*** Opening of MATERIAL SHOWN ***

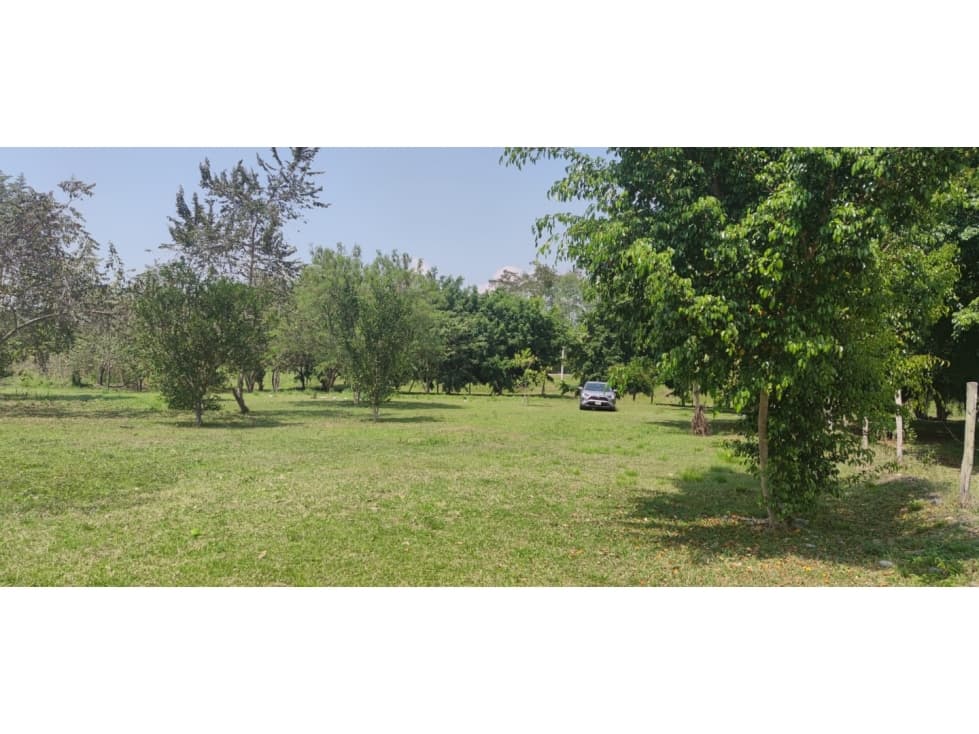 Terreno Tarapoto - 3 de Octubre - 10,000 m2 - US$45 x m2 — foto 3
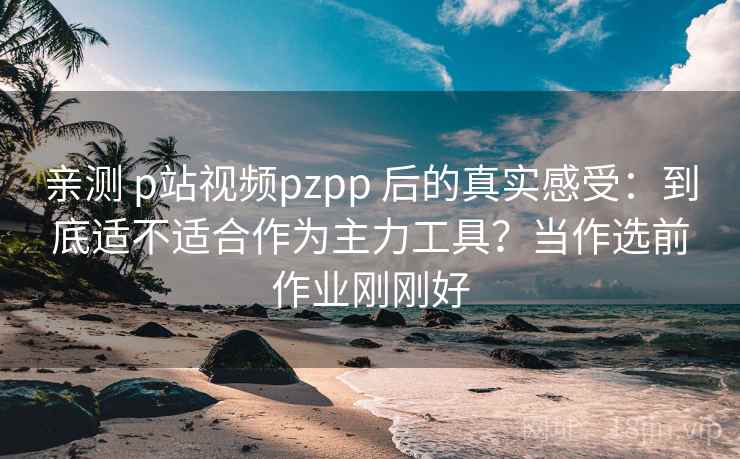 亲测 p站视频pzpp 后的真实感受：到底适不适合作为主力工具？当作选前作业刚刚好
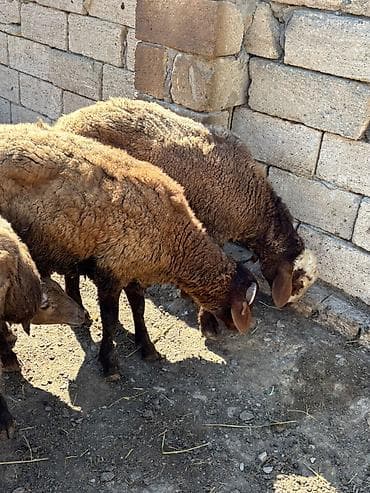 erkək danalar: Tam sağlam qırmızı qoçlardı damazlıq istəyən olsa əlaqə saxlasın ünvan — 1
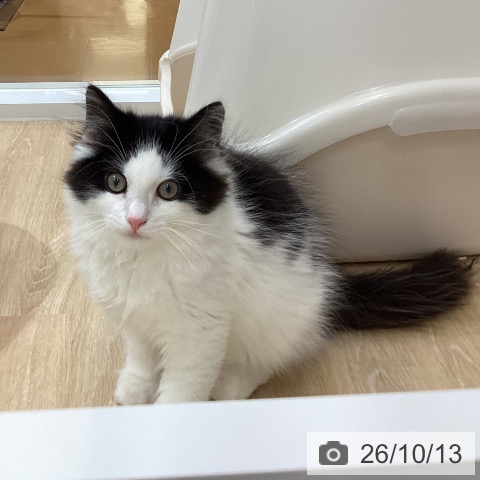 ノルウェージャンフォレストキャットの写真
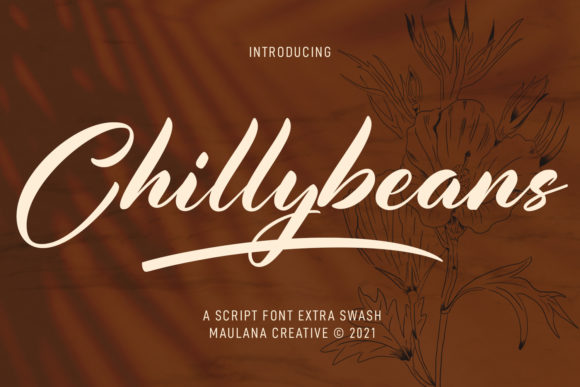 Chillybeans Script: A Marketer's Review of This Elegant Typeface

*** Close of MATERIAL SHOWN ***

| TASK STATEMENT |
Omit the pictures; set down each record exactly.

| ANSWER BOX |
 Terreno Tarapoto - 3 de Octubre - 10,000 m2 - US$45 x m2 — foto 3
 亲测 p站视频pzpp 后的真实感受：到底适不适合作为主力工具？当作选前作业刚刚好
 erkək danalar: Tam sağlam qırmızı qoçlardı damazlıq istəyən olsa əlaqə saxlasın ünvan — 1
 ノルウェージャンフォレストキャットの写真
 Chillybeans Script: A Marketer's Review of This Elegant Typeface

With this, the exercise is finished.